I noticed one day that these UV beads developed pale colors on the window sill, where the glass should have filtered out any ultraviolet light. Either the window glass was letting in a some UV or the beads were coloring from the shortest of visible wavelengths.

I checked the ability of shorter wavelength visible light to color the beads using a window sill prism that projects a nice spectrum of light across the room. I placed the bag of UV beads in the “rainbow” and saw that the beads in the violet light at the top of the spectrum caused some of the beads to color. The beads that turned blue and purple in sunlight also colored lightly in violet light. None of the beads in red, yellow, green, or blue light changed color.
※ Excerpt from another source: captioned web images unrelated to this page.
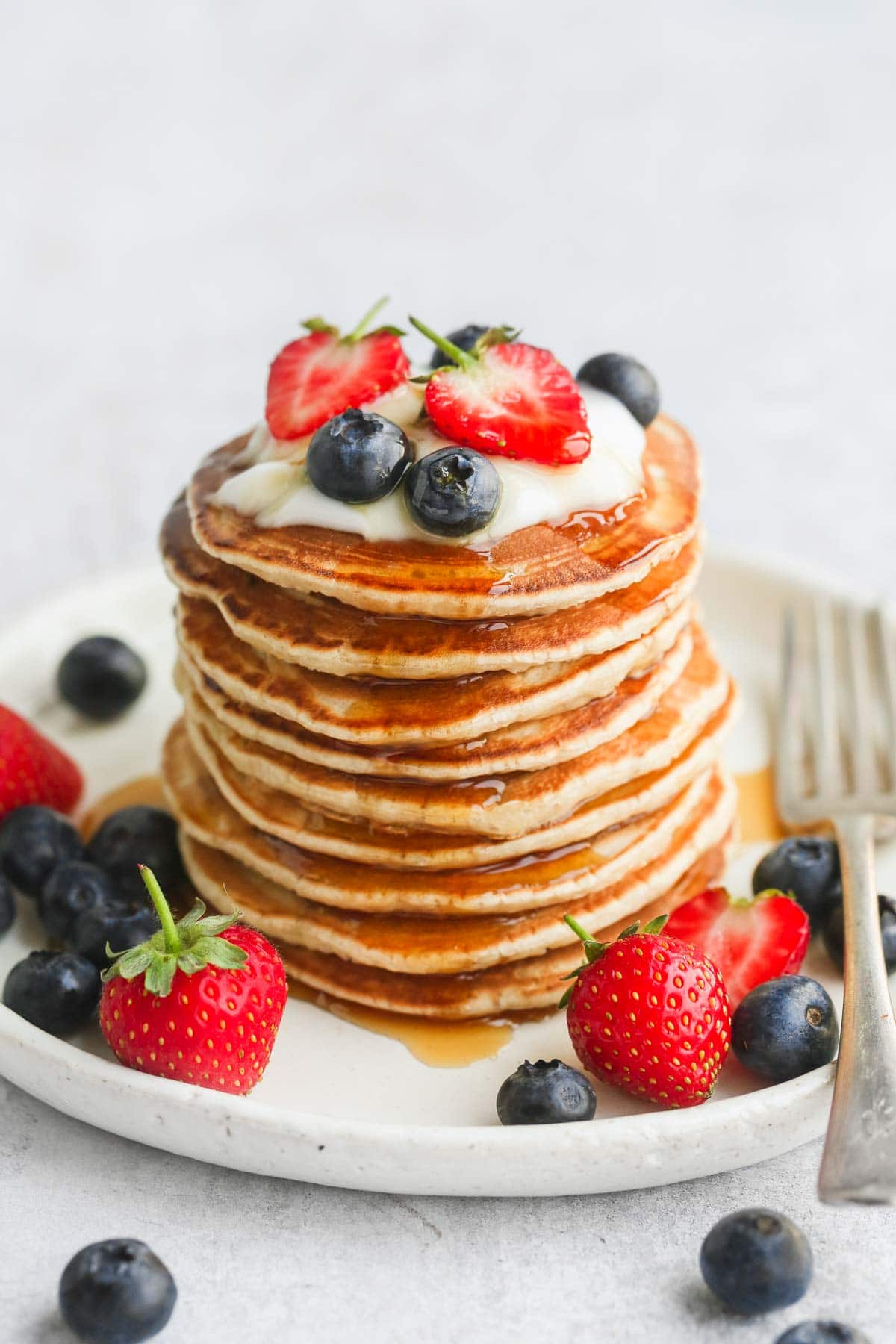 A stack of pancakes on a white plate with fresh fruit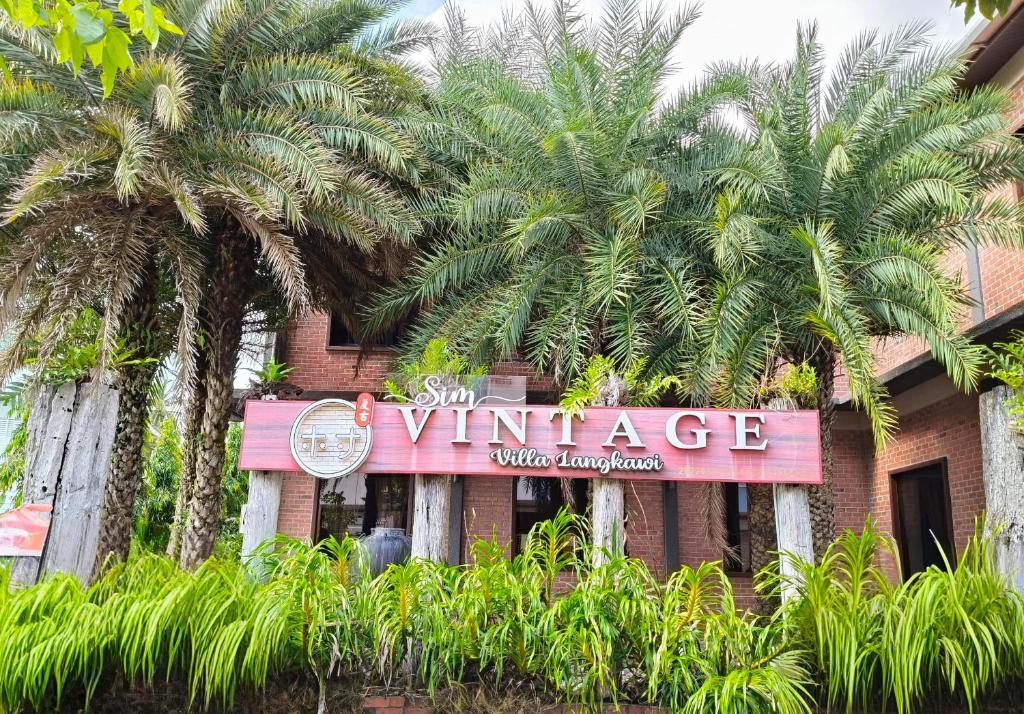 a sign for the entrance to a building with palm trees at Sim Vintage Villa Langkawi in Kuah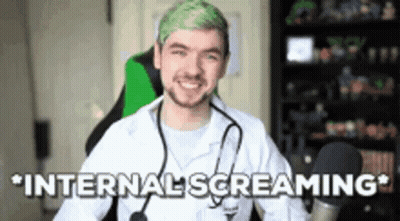 A Man With Green Hair And A Stethoscope Around His Neck Is Sitting In A Chair . GIF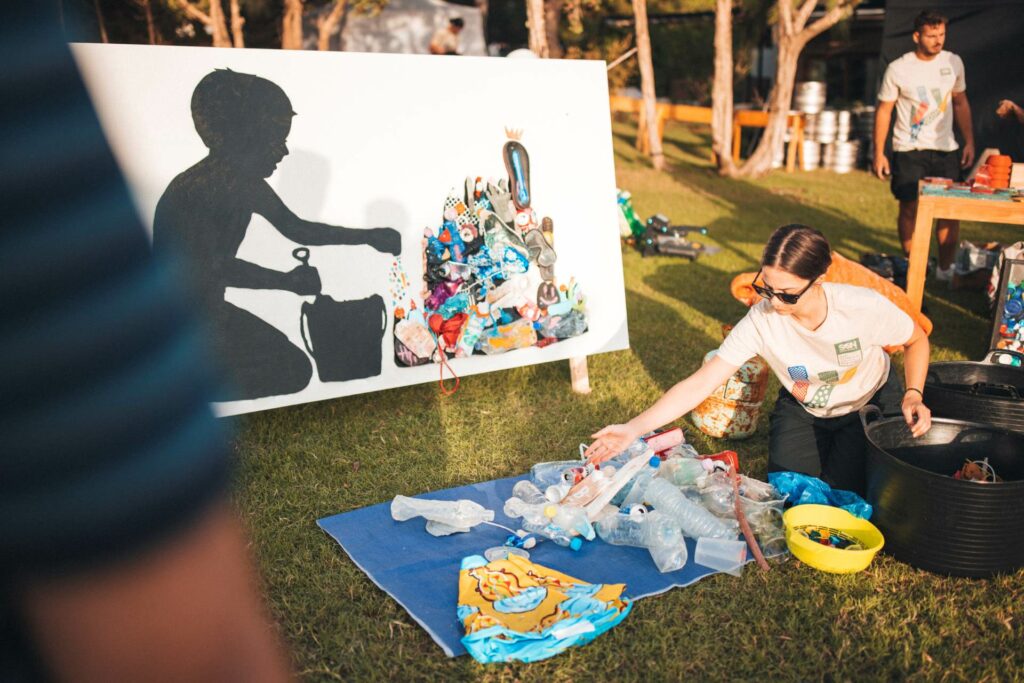 People sitting on the grass painting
I also researched window glass transmission of UV light on the Internet. I thought that glass blocked UV, and I found that it does block UVB, the wavelengths that cause sunburn and allow us to make vitamin D in our skin. I was surprised to learn that glass transmits appreciable quantities of UVA, the longer UV wavelengths that age skin and can cause cataracts. It is unlikely that any seating in your classrooms put children in direct sunlight in the middle part of the day because of the heat, but if so, you may want to move them to avoid UVA. Morning and afternoon sun is less intense, so sunlight at that time is not such a hazard.

The beads that colored in the violet part of the spectrum tell me that the shortest wavelengths of visible light will cause color change, and I suspect that the UVA coming through the window is strong enough to change them as well because the colors were stronger on a sunny window sill than in the violet light. The sunlight coming through an acrylic skylight colors the beads quickly, but not as deeply as direct sunlight, so I suspect that the skylight cover transmits a lot of UVA. In case you are wondering, polycarbonate plastic, which is often used in safety glasses, blocks all UV light. Children should have these safety glasses if they use UV or “black” light. Their eyes are specially sensitive to UV damage.

What can children learn out of this experiment? Different wavelengths of light are different colors, and the shorter wavelengths (violet) carry more energy than the longer wavelengths (red). There are wavelengths of light that we can’t see, but other substances allow us to detect them.

Children can address many questions using these beads. They may be interested in the ability of clothing or other items to block UV light. Does UV light come through the clouds? Have fun finding out!